My comprehension is tested all the time. I thought the nuclear deal was about energy security and power stations, not achievements or disappointments of individuals. We are told that the Minimum Support Price (MSP) for wheat was suppressed last year so that farmers could earn more through private parties—and then, we imported wheat from (the same parties?) at higher prices, and subsidized the distribution. Wouldn’t it have been simpler to pay farmers a higher price ab initio? It was good to hear last month that the finance ministry was confident in managing capital flows, but now, after a deluge, the minister says that he is worried about the flows and that we have yet to learn how to manage them, though he adds that we will. Finally, after being told that international oil prices are on the rise, we learn that prices of LPG and kerosene will not be raised for three more years. I thought we had a commitment before Parliament for fiscal rectitude.

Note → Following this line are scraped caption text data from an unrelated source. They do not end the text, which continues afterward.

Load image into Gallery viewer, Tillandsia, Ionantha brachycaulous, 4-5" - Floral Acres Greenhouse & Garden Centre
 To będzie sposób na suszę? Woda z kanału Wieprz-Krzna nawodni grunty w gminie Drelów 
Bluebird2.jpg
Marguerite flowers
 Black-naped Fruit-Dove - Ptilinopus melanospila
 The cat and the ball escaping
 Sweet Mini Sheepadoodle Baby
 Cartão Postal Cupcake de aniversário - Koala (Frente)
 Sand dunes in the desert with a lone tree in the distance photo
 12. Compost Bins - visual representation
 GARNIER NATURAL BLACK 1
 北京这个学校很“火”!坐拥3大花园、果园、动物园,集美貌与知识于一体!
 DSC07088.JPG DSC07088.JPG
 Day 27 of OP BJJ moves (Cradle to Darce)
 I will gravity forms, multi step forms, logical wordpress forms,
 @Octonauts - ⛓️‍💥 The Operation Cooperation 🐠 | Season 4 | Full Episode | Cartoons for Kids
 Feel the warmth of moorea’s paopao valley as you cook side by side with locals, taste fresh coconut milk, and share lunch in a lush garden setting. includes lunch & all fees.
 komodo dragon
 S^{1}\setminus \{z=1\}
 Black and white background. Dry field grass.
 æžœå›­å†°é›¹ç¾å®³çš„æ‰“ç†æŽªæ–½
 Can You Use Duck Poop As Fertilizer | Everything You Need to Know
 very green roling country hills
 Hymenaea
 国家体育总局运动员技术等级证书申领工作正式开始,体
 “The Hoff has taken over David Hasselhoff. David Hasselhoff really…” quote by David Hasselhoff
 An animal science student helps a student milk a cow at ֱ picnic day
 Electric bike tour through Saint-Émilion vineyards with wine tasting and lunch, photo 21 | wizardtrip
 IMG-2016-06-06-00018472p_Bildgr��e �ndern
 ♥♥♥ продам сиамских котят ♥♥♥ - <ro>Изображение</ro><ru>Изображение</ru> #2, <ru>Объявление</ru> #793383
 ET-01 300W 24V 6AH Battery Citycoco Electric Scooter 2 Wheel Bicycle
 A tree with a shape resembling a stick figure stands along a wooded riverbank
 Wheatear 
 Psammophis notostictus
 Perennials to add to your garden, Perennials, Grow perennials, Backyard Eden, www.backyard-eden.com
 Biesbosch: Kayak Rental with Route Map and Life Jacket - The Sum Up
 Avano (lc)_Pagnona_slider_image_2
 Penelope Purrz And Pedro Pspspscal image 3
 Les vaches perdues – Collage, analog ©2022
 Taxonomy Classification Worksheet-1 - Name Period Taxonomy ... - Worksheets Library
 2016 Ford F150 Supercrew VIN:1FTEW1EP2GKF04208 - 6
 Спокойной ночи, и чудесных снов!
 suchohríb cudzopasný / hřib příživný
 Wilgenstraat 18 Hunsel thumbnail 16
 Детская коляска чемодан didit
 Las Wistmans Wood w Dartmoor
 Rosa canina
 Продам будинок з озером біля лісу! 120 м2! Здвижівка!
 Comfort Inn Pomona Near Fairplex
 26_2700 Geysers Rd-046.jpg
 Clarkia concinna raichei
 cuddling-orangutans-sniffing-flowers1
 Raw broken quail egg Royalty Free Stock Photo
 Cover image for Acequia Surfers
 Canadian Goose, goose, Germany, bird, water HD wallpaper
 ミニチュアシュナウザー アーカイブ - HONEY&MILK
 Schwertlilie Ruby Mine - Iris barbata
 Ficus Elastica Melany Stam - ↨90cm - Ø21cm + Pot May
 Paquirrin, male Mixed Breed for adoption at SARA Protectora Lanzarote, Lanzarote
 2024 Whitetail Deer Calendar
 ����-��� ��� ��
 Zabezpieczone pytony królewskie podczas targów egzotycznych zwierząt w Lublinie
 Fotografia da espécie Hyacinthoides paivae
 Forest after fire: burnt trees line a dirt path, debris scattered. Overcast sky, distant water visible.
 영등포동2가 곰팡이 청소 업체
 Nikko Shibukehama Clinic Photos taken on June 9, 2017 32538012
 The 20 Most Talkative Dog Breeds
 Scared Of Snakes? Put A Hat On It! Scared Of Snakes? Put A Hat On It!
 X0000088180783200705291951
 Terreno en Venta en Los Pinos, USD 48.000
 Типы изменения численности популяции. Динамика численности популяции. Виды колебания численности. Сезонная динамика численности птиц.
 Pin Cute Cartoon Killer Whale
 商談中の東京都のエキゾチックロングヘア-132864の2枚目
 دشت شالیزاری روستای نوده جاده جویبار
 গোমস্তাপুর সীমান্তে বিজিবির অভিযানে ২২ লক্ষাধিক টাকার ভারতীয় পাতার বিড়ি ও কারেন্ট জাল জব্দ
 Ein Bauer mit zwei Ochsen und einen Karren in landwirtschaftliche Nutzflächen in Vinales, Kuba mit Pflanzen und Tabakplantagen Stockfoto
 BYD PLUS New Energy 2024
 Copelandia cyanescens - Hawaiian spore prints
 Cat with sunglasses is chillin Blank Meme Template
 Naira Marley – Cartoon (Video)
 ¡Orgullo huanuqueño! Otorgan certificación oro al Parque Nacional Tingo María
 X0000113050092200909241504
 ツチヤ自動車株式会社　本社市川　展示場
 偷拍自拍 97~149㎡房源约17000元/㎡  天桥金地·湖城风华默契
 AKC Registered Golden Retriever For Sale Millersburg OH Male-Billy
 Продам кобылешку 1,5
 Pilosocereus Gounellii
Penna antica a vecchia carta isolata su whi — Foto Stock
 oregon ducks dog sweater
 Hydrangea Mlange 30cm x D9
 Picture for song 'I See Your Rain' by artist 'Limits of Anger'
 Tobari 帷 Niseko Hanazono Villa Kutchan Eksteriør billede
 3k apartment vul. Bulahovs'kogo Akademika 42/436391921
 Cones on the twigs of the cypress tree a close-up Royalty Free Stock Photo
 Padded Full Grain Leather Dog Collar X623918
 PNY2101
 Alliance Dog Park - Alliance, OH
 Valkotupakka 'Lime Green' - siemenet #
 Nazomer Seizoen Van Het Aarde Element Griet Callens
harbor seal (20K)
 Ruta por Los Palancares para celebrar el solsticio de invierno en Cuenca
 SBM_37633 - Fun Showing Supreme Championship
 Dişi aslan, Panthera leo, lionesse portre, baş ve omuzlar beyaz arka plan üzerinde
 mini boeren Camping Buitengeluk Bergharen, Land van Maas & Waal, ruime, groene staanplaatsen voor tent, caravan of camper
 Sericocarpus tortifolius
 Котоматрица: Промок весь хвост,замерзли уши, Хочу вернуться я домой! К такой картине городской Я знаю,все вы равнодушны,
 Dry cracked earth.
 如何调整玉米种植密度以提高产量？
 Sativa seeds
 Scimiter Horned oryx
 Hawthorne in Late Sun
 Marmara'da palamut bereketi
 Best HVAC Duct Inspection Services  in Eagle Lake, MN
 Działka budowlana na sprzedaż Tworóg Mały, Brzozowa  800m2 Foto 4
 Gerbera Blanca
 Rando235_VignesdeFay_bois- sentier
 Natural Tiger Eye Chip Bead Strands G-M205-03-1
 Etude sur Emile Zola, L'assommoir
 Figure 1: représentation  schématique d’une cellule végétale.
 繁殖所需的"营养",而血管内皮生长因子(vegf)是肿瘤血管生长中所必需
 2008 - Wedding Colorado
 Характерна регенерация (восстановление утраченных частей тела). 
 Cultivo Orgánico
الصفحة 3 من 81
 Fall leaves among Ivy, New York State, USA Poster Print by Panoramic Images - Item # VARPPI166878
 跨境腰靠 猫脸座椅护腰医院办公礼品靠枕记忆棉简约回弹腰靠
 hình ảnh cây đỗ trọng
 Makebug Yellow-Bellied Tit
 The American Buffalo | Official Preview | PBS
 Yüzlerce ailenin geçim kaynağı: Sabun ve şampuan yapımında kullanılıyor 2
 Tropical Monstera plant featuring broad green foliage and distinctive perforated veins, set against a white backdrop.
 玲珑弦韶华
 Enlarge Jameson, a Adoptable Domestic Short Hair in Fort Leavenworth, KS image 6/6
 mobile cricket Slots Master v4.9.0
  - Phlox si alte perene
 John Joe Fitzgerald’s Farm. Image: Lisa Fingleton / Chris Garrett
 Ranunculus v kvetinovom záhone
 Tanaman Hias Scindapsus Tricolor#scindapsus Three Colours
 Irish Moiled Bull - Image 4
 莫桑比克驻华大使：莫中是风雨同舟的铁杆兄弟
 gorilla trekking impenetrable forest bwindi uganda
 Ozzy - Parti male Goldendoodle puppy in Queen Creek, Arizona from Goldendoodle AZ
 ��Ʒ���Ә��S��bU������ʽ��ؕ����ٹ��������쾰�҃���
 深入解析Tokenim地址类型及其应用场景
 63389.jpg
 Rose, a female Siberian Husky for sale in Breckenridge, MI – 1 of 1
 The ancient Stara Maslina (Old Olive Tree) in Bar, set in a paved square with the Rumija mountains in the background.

On the last, it was being speculated for some time that petrol and diesel prices would be raised. These are currently calibrated at a crude oil basket of $56 per barrel, while the import prices for India are around $75 per barrel and spot crude is around $85 per barrel. I had written earlier that we would see $100 a barrel before Christmas, and a possible doubling before 2010. Political considerations are obviously at the forefront of the decisions not to hike consumer prices, even though oil companies are reported to be losing Rs160 crore a day.
LPG and kerosene prices would have to be raised at least by Rs200 per cylinder and Rs6, respectively, to maintain the current level of subsidies. Next year will see a steep rise in wheat prices, given both global crop failures and the decision to raise the MSP at home. With this, other cereal prices would go up, too. If cooking gas and kerosene also go up, it would be politically untenable in a pre-election year. As foodgrain prices can’t be kept under control, domestic fuel prices would be capped.
There is some clever thinking here. Liquidity is a problem, and the Reserve Bank of India is having a hard time mopping up surpluses. Oil bonds, at more than Rs20,000 crore this time, will help suck liquidity, thus providing another monetary policy instrument. As their tenure is 15 years this time, the onus for paying up is on three governments down the line. Excise duties could be cut further, but as the revenues are needed to pay for the LPG and kerosene subsidies from the budget, these are retained—as an armour for use when oil prices go up even further. Oil producers ONGC and OIL are to bear a portion of the cross subsidy, thus reducing the exchequer’s burden. The announcement of ‘no increase in prices’, made sufficiently in advance of state elections, could be a handy talking point.
The strategy is clear, and attributable to considerations of the ‘political economy.’ But there could have been less costly interventions, had the key institutions delivered a little better.
First, ONGC has been falling behind in production. Not only has it lost several fields to open tendering in the new exploration licensing policy rounds, it is also unable to exploit the fields it has. It has not been successful in securing equity oil overseas, while the private sector has. The performance shortfall has pushed up imports, and hence, the costs of price adjustment. With global gas prices at around $10 per mBtu, even at the recently agreed prices for private sector gas at $4.20 per mBtu, the difference between market price and producer price is a direct subsidy to the end users—private industry. Over the next decade, this will touch Rs80,000 crore. Had the government agreed to higher, market-based prices, its profit (gas) would have been far greater. Now, the difference will go to private firms consuming the gas, not to the producers. And had ONGC been more efficient and capable, these discoveries could have been its. A lesson for the petroleum ministry to focus its energy on oil exploration and discovery, as the single most important objective.
Second, every country has gone into a conservation and alternative energy mode. Fuel consumption norms for transportation are statutory, and automobile manufacturers are looking at hybrids. Not here. There is absolute silence on fuel efficiency, particularly in the automobile industry. Perhaps it is time to set up an expert panel to prescribe industry–specific mandatory norms—sweetened, if required, by tariff concessions, R&D grants, etc.
Third, the search for alternative fuels has to be systematic. While the mandated 5% ethanol blending with petrol has more to do with helping the sugar industry than with saving fossil fuels, and will only make a small difference, incentives for biofuel are still in their infancy.
The issue is not of pricing alone —more seriously, it is of availability and proper use. We should get our agenda together immediately.